Polycystic Ovary Syndrome and Liraglutide as Add-on Therapy on Metformin

Phase 4

Completed

• Conditions: PCOS; Obesity
• Interventions: Drug: metformin and liraglutide; Drug: metformin; Drug: liraglutide

• Registration Number: NCT01911468
• Lead Sponsor: University Medical Centre Ljubljana

Brief Summary

The purpose of this study was to determine whether combined treatment with liraglutide and metformin is more effective than liraglutide or metformin as monotherapy in the treatment of obese women with polycystic ovary syndrome (PCOS) who had been previously poor responders regarding weight reduction on metformin monotherapy.

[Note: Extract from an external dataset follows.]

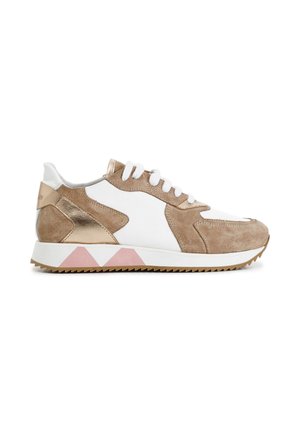Zapatilla baja con cuero blanco, paneles de ante beige, detalles metálicos dorados, cordones blancos y suela blanca con patrones triangulares rosas.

We anticipated greater changes in body weight in patients on combined treatment than in those on monotherapy with liraglutide or metformin.

Detailed Description

Not available

Study Timeline

• Study Start: 2011-11
• Primary Completion: 2012-10
• Study Completion: 2013-04
• Status Verified: 2013-07
• Study First Submitted: 2013-07-21
• Study First Submitted QC: 2013-07-26
• Last Update Submitted: 2013-07-26
• Study First Posted: 2013-07-30
• Last Update Posted: 2013-07-30

Recruitment & Eligibility

• Status: COMPLETED
• Sex: Female
• Target Recruitment: 36

Inclusion Criteria

• 18 years old to menopause
• polycystic ovary syndrome (NICHD criteria)
• BMI of 30 kg/m² or higher
• poor response to previous treatment with metformin for at least 3 months

Exclusion Criteria

• type 1 or type 2 diabetes mellitus
• history of carcinoma
• Cushing's syndrome or congenital (non-classic) adrenal hyperplasia
• personal or family history of MEN 2
• significant cardiovascular, kidney or hepatic disease
• the use of medications known or suspected to affect reproductive or metabolic functions
• the use of statins, within 90 days prior to study entry

Study & Design

• Study Type: INTERVENTIONAL
• Study Design: PARALLEL

Arm && Interventions

Group	Intervention	Description
metformin and liraglutide	metformin and liraglutide	In the metformin and liraglutide group metformin was initiated at a dose of 500 mg once per day and increased by 500 mg every 3 days up to 1000 mg BID per os. At the same time liraglutide was initiated at a dose of 0.6 mg injected sc once per day and increased to 1.2 mg/day after 1 week.
metformin	metformin	In the metformin group metformin was initiated at a dose of 500 mg once per day and increased by 500 mg every 3 days up to 1000 mg BID per os.
liraglutide	liraglutide	In the liraglutide group liraglutide was initiated at a dose of 0.6 mg injected sc once per day and increased to 1.2 mg/day after 1 week.

Primary Outcome Measures

Name	Time	Method
The main outcome was change in body weight.	Patient's body weight was mesured at the base point and every four weeks during 12 weeks of clinical trial.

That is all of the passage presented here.